Race details
- Date: 26 July 1925
- Official name: XIX Grand Prix de l'Automobile Club de France
- Location: Montlhéry, France
- Course: Autodrome de Linas-Montlhéry
- Course length: 12.500 km (7.767 miles)
- Distance: 80 laps, 1000.0 km (621.4 miles)
- Weather: Overcast.
- Attendance: 50,000

Pole position
- Driver: Henry Segrave; / Sunbeam
- Grid positions set by car number

Fastest lap
- Driver: Albert Divo / Sunbeam
- Time: 5:48.0

Podium
- First: Robert Benoist; Albert Divo; / Delage
- Second: Louis Wagner; Paul Torchy; / Delage
- Third: Giulio Masetti; / Sunbeam

= 1925 French Grand Prix =

The 1925 French Grand Prix was a Grand Prix motor race held at Autodrome de Linas-Montlhéry on 26 July 1925. It was the third race of the inaugural AIACR World Manufacturers' Championship.
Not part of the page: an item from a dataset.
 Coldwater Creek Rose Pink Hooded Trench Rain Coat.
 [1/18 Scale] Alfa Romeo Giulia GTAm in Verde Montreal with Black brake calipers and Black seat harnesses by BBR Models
The race, which was 80 laps, was won by Robert Benoist driving a Delage 2LCV after starting from 8th place.

It was the first Grand Prix to take place at the newly built Autodrome de Linas-Montlhéry.
==Background==

Although the 1925 Grand Prix was held to the same technical regulations as in 1924, with cars allowed a maximum of 2-litre engine capacity, there were several important changes for 1925. For the first time the French Grand Prix was not held on public roads, instead being held at the newly built Autodrome de Linas-Montlhéry which consisted of part of a high banked oval along with an artificial road circuit, a combination initially quite unpopular with the drivers. Also for the first time, riding mechanics were banned although passenger seats were still required.

Another important change for 1925 was the introduction of the World Manufacturers' Championship, held over four races in 1925, the French Grand Prix being the third. Although World Championship regulations required a minimum race distance of 800km (the distance used for the French Grand Prix each year since 1922) it was decided to run the 1925 edition over the longer distance of 1000km.

== Entries ==
After a fairly large entry in 1924, there were just 17 cars entered in 1925. Winners in 1924 and in the previous World Championship event, the European Grand Prix, Alfa Romeo were considered to be pre-race favourites with their P2s to be driven by the well established European Grand Prix winner Antonio Ascari and 1925 winner Giuseppe Campari, as well as the then nearly unknown Gastone Brilli-Peri. French hopes mainly rested on Delage, hoping to make up for their disappointment in Belgium, with four of their now supercharged V12 cars entered to be driven by Robert Benoist, Albert Divo and Louis Wagner, with the fourth car for Paul Torchy withdrawn. Bugatti entered a total of five cars, all T35s. Three were works cars for Jules Goux, Meo Costantini and Pierre de Vizcaya, while Giulio Foresti and Ferdinand de Vizcaya were entered in their own cars.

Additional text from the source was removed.